While I believe plaintiffs’ attorneys did good work, it clearly wasn’t good enough for Judge Alsup, who has the reputation of a perfectionist. Above the Law blog referred to Judge Alsup as “hard-ass” and noted that he has taken offense at people coughing in his courtroom and reporters typing too loudly. Lawdragon quotes Judge Alsup, who spent the first 28 years of his career as a trial attorney, as commenting, regarding two fundamentals on which he tries every case; The first, “according to the law and the instructions, and every good lawyer is going to have a good argument on the law and the facts that support the elements and so forth.”
Alsup seemed to double down on this during the painkiller litigation.
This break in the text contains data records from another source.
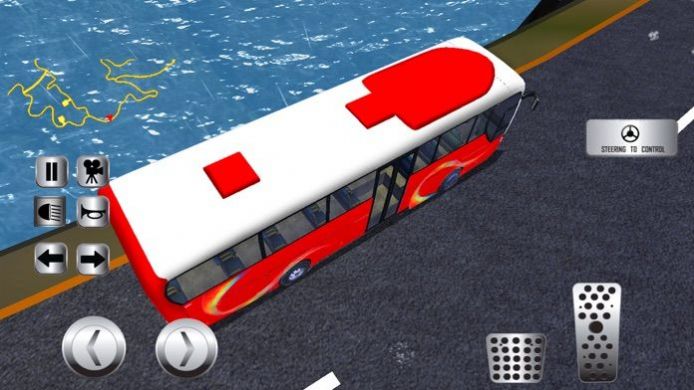 真实重卡越野模拟器游戏中文版  v1.0图4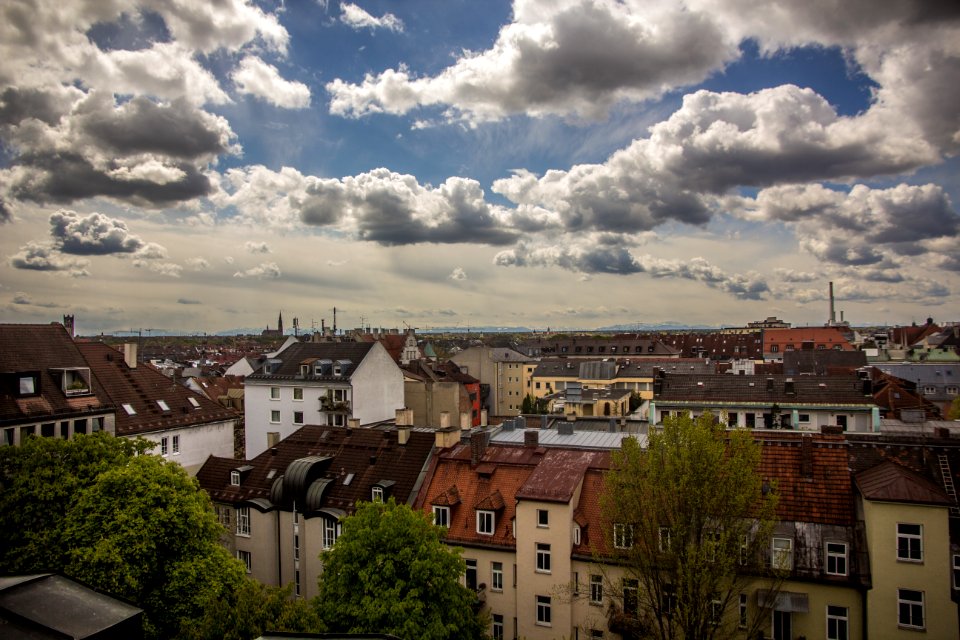 Munich, Germany, City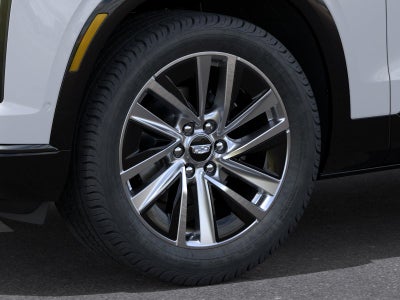 2026 Cadillac VISTIQ Sport
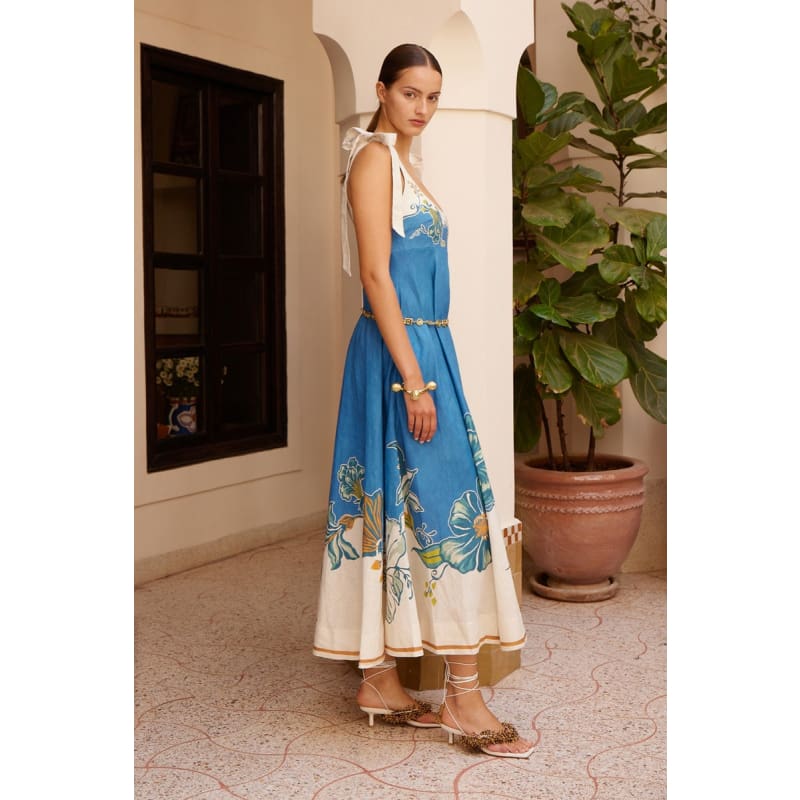 Luda Ballet Sundress - Dress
Rather than reading the complaints and evaluating the message that was easily inferred for even a casual reader, it seems he evaluated each word as if it were a post-Miranda interrogation. Many players sat for depositions and while their meaning seemed clear, their inclinations toward being polite were turned upside down. Here’s an example:
It’s unclear how well the players were prepared for their depositions but when interrogated by cunning and experienced lawyers, how you relate the truth can be just as important as telling the truth. This player didn’t want to badmouth his team doctors and trainers, despite the fact they deceived him through illegally administered drugs. Some players failed to express exactly how the drugs harmed them outside of their on-field injuries even though they went into detail about how the injuries were worsened because they were forced to play through them. Perhaps they failed to elaborate on this likely assuming since it was a painkiller lawsuit that the drug impact was understood.
Others didn’t specifically state that they relied on the misinformation and would have made different choices had they not been deceived. I think they inferred as much but, not wanting to paint their trainers as evil villains because they were nice to them as they numbed their bodies they didn’t pound the issue as forcefully as they might have, had they realized that depositions aren’t the forum for niceties. In doing so, they failed to communicate the specific conditions Judge Alsup was looking for.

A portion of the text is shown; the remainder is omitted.